PROBLEM DETAILS
All of the lines below should be printed again exactly as they are.

DATA IN THIS EXERCISE
=== Begin Enclosure ===

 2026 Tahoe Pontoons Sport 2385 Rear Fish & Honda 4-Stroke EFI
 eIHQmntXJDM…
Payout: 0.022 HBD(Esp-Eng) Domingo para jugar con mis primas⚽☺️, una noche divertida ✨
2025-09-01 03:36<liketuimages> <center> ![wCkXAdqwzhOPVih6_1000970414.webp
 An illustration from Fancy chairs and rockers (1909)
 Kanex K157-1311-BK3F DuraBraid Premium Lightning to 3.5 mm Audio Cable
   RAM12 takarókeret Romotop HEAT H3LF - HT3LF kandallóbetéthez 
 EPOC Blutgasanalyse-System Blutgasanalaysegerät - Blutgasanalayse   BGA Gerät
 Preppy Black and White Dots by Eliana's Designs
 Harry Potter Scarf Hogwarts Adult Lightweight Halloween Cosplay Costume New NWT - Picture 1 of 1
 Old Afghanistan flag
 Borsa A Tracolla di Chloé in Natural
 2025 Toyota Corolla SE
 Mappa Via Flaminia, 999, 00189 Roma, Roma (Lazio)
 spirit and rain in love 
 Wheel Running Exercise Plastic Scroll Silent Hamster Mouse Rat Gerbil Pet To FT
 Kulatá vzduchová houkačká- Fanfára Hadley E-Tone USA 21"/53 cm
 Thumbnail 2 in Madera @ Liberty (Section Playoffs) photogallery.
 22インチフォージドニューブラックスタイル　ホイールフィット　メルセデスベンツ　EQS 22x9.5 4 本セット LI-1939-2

=== End Enclosure ===

RESPONSE TO THE TASK
 2026 Tahoe Pontoons Sport 2385 Rear Fish & Honda 4-Stroke EFI
 eIHQmntXJDM…
Payout: 0.022 HBD(Esp-Eng) Domingo para jugar con mis primas⚽☺️, una noche divertida ✨
2025-09-01 03:36<liketuimages> <center> ![wCkXAdqwzhOPVih6_1000970414.webp
 An illustration from Fancy chairs and rockers (1909)
 Kanex K157-1311-BK3F DuraBraid Premium Lightning to 3.5 mm Audio Cable
   RAM12 takarókeret Romotop HEAT H3LF - HT3LF kandallóbetéthez 
 EPOC Blutgasanalyse-System Blutgasanalaysegerät - Blutgasanalayse   BGA Gerät
 Preppy Black and White Dots by Eliana's Designs
 Harry Potter Scarf Hogwarts Adult Lightweight Halloween Cosplay Costume New NWT - Picture 1 of 1
 Old Afghanistan flag
 Borsa A Tracolla di Chloé in Natural
 2025 Toyota Corolla SE
 Mappa Via Flaminia, 999, 00189 Roma, Roma (Lazio)
 spirit and rain in love 
 Wheel Running Exercise Plastic Scroll Silent Hamster Mouse Rat Gerbil Pet To FT
 Kulatá vzduchová houkačká- Fanfára Hadley E-Tone USA 21"/53 cm
 Thumbnail 2 in Madera @ Liberty (Section Playoffs) photogallery.
 22インチフォージドニューブラックスタイル　ホイールフィット　メルセデスベンツ　EQS 22x9.5 4 本セット LI-1939-2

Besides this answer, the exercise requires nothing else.